Место оказывается важным еще и потому, что суровая архитектура монастыря должна внушать страх и преклонение перед авторитетом [393] . Главное здание не было построено самими монахами, но лишь приспособлено для церковных нужд — аллюзия на усвоение светского знания, в особенности греческой философии, преимущественно религиозной средневековой мыслью. В конце романа Адсон приходит к осознанию иллюзорности средневекового синтеза разума и веры: гармония между философией и откровением невозможна. И действительно, религиозный авторитет в меньшей степени опирается на синтез веры и разума, и в большей — на синтез веры и воображения. Этот союз веры и воображения делает страх перед авторитетом основным инструментом власти в средние века [394] . Манипулирование воображением простых людей ради их устрашения обеспечивает их подчинение авторитету, а рядом с властью авторитета и воображением простых людей уже почти не остается места разуму. Это манипулирование воображением поддерживается порожденным им самим конформизмом и страхом оказаться вне единообразного сообщества [395] . Человечество разделяется на призванных и отвергнутых, причем последним уготованы либо реальные муки (инквизиция), либо воображаемые (подобные тем, что изображены на тимпане).

393

[Адсон] Однако не скажу, чтоб она выглядела приветливо. Мною овладел страх, и появилось неприятное предчувствие. Бог свидетель, что не от бредней незрелого разума, а оттого что слишком заметны были дурные знаки, проявившиеся на тех камнях еще в давние времена, когда они были во власти гигантов. Задолго, задолго до того, как упрямые монахи взялись превратить проклятые камни в святое хранилище слова Божия.

394

[Вильгельм] И те, кто убивал обезумевших каялыциков, возвращая смерть смерти и пытаясь убить истинное покаяние, смертью чреватое, — эти люди подменили покаяние души покаянием воображения, вызывали в воображении видения адовых мук, адовой крови, и звали эти видения «зерцалом истинного покаяния». Так они вводили в воображение простецов — а сейчас вводят в воображение людей ученых — картины того света, видения загробных терзаний. Все как будто для того, чтоб никто не грешил. Предполагается, что можно удержать душу от греха при помощи страха и что страх сильнее тяги к протесту.

395

[Адсон] И, отворачивая очарованный взор свой, упоенный потаенным многозвучием этого странного сродства святолепных телес с адовыми извержениями, я узрел… множество других видений ужасающего, жуткого вида, чье явление в этом священном приюте могло быть связано с их параболическим и аллегорическим содержанием и с неким моральным уроком, который им задавался; там видел я жену похабную оголенную, со спущенной кожей, угрызаемую нечистыми лягвами, уязвляемую аспидами и уестествляемую толстобрюхим сатиром с крупом грифа, с ногами, утыканными жестким пером, и с бесстыжею глоткою, выкликающею ему же самому вечное посрамление; видел я и скупца, коченеющего смертным холодом на своем ложе под колоннами и навесами беззащитною жертвою злой бесовской когорты, на него бросающейся, рвущей с последними хрипами из греховной глотки душу в образе младенчика (но не для вечной жизни, о горе! нарождающегося)… Все исчадия ада будто сошлись тут в преддверии, в сумрачном лесу, в степи печальной и дикой, к явлению Сидящего на фронтоне, к лику его многообещающему и грозному. Те, кто сражен на Армагеддоне, стали пред тем, кто пришел окончательно разделить живых и мертвых.

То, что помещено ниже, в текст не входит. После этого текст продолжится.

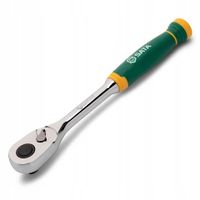SATA ST13971G PROFESJONALNA GRZECHOTKA SZYBKOMOCUJĄCA 1/2" 72-ZĘBY
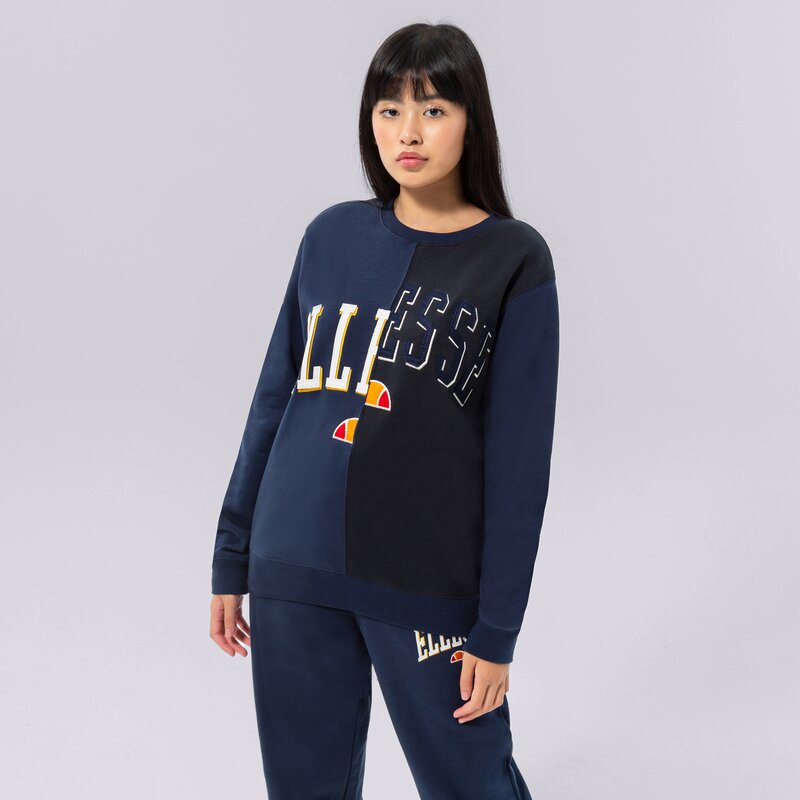 ELLESSE PULÓVER MENO SWEATSHIRT NAVY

Смех, разрушающий страх, представляет собой величайшую угрозу такой покорности [396] . Хорхе ссылается на авторитет Правила св. Бенедикта, запрещающего смех, и считает, что этот запрет должен быть законом христианской жизни в целом. Смех следует запретить, потому что он способен вывести воображение из подчинения. В «Имени розы» спор об универсалиях сводится к спору о более коренном вопросе — смеялся ли Христос [397] . Исторически не самый важный вопрос для средневековой мысли становится центральным для Эко, поскольку спор об универсалиях у него представлен как столкновение авторитарного ультрареализма и номинализма, т. е. страха и смеха. Хорхе — этот закулисный руководитель библиотеки, монастыря и действия в романе — олицетворяет средневековье, и его ненависть к смеху ведет к разрушению этого мира [398] . «Иконой» средневекового христианского мира оказывается тот, кто ненавидит смех и философию; саморазрушение средневековья неизбежно, поскольку он — Хорхе — есть Антихрист. Но если Хорхе олицетворяет собой средние века, то монастырь символизирует средневековый христианский мир. И действительно, авторитарная позиция Хорхе более сильна, чем власть аббата; слепой Хорхе оказывается одновременно и хранителем и разрушителем библиотеки. Вполне очевидно, что монастырь, а не университет в роли обобщенного образа средних веков соответствует современному восприятию этого периода. По-видимому, взгляд Эко на этот исторический период весьма близок такому представлению. Это подтверждается тем, что за разрушением монастыря в романе следует всеобщая катастрофа и закат средневековья: после пожара все персонажи скрываются в изгнании или погибают, в том числе и Вильгельм, который умирает во время великой чумы. Адсон не умирает, но удаляется в свой монастырь, чтобы провести остаток дней в томлении о смерти, в отрицании мира и мистицизме. Намеренно или нет, но историческая эрудиция Эко оказывается ангажированной общепринятым представлением о средних веках как о темных веках.

396

«Пустоловие и смехотворство неприличны вам! (uerba uana aut risui apta non loqui)»…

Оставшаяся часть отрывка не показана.